I think it's worth pursuing, with the caveats below. I'm going to focus
on docs the not-very-long rest of today, but I definitely could work on
this afterwards. But I also would welcome any help. Let me know...
> > > +static inline void
> > > +CopyMultiInsertBuffer_RemoveBuffer(CopyMultiInsertInfo *miinfo,
> > > CopyMultiInsertBuffer *buffer)
> > > +{
> > > + Oid relid = buffer->relid;
> > > + int i = 0;
> > > +
> > > + while (buffer->slots[i] != NULL)
> > > + ExecClearTuple(buffer->slots[i++]);
> > > + pfree(buffer->slots);
> > > +
> > > + hash_search(miinfo->multiInsertBufferTab, (void *) &relid,
> > > HASH_REMOVE,
> > > + NULL);
> > > + miinfo->nbuffers--;
> > > +}
> >
> > Hm, this leaves dangling slots, right?
>
> Probably.
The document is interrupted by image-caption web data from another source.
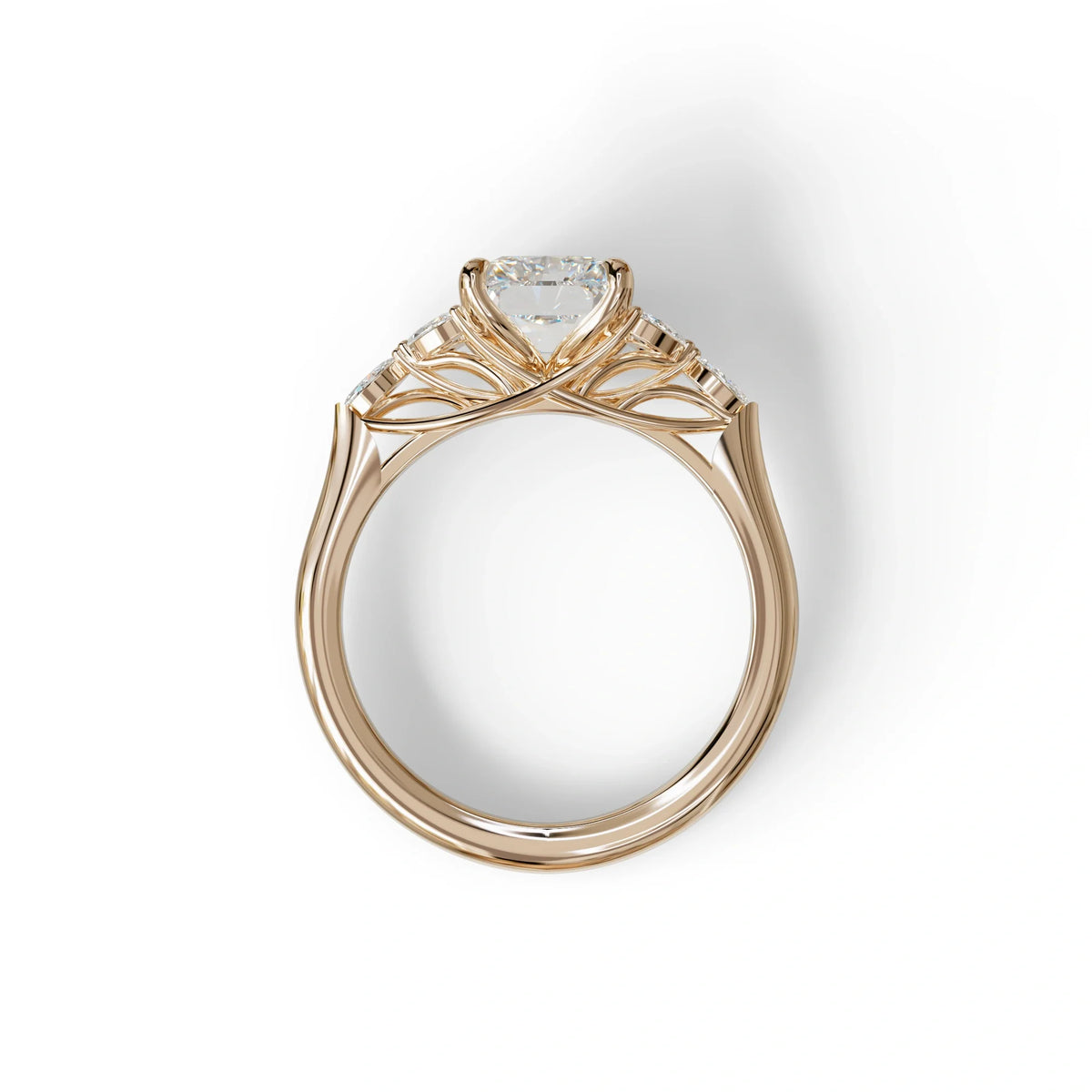 2.5 Carat Lab Grown Diamond Engagement Ring · Radiant Cut Nature-Inspired | Aurora - view 8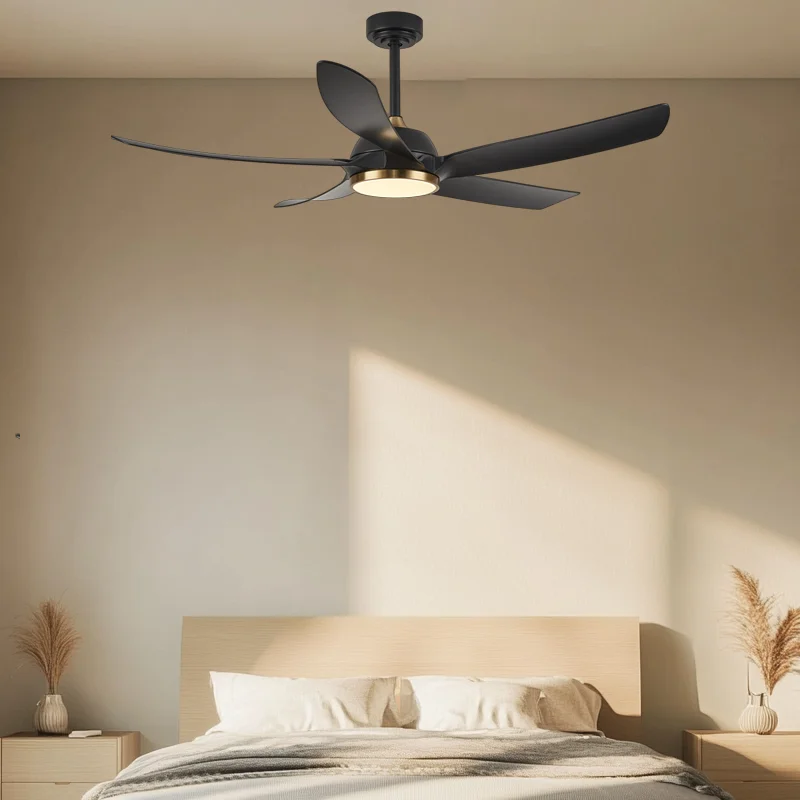 ABS 5 Blades Black LED Light Ceiling Fan Ceiling Fan Smart DC Motor Remote Control Ceiling Fan with Warm Light - Image 6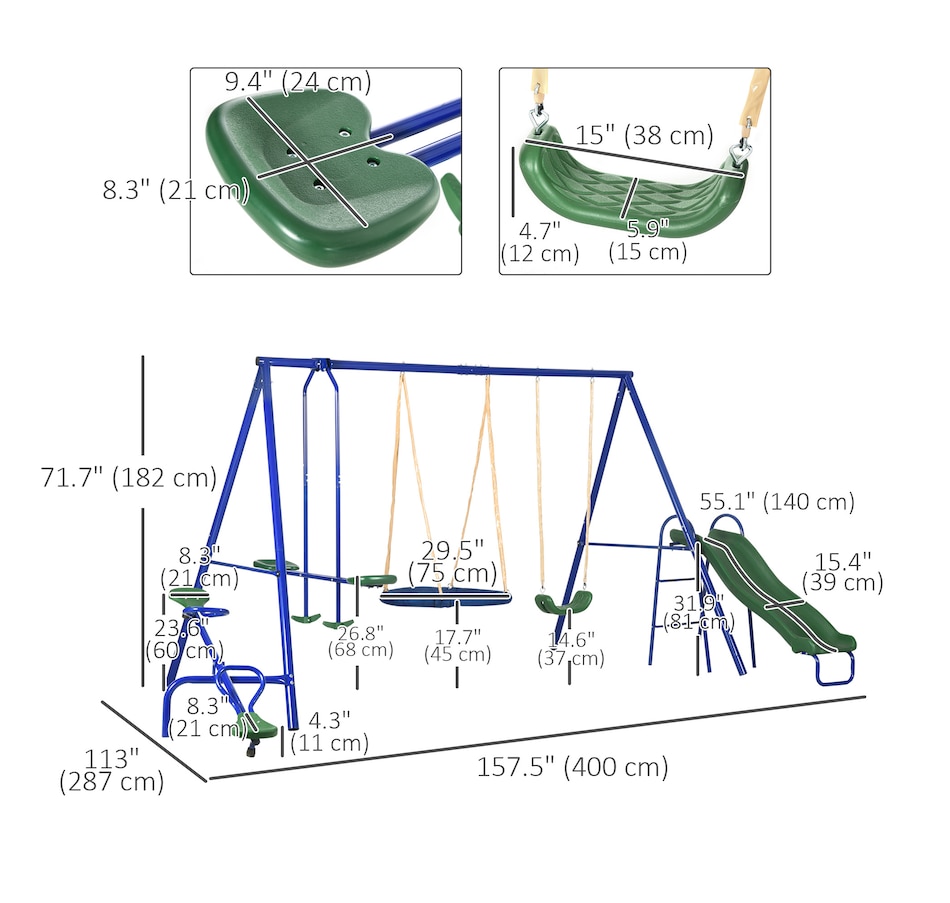 Image 904860_ALTMORE2.jpg, Product 904-860 / Price $399.99, Outsunny 5 in1 Kids Swing Set, A-Frame Heavy Duty Metal Swing Set from Outsunny on TSC.ca's Home & Garden department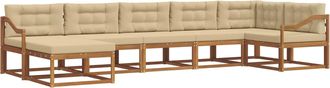 vidaXL Conjunto De Sof&aacute;s De Exterior 7 Uds. Natural Y Beige Vidaxl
I didn't quite finish figuring out how a slot should have
> all its memory released.
ExecDropSingleTupleTableSlot() ought to do the job (if not added to a
tuptable/estate - which we shouldn't as currently one-by-one removal
from therein is expensive).
> > It still seems wrong to me to just perform a second hashtable search
> > here, givent that we've already done the partition dispatch.
>
> The reason I thought this was a good idea is that if we use the
> ResultRelInfo to buffer the tuples then there's no end to how many
> tuple slots can exist as the code in copy.c has no control over how
> many ResultRelInfos are created.
To me those aren't contradictory - we're going to have a ResultRelInfo
for each partition either way, but there's nothing preventing copy.c
from cleaning up subsidiary data in it. What I was thinking is that
we'd just keep track of a list of ResultRelInfos with bulk insert slots,
and occasionally clean them up. That way we avoid the secondary lookup,
while also managing the amount of slots.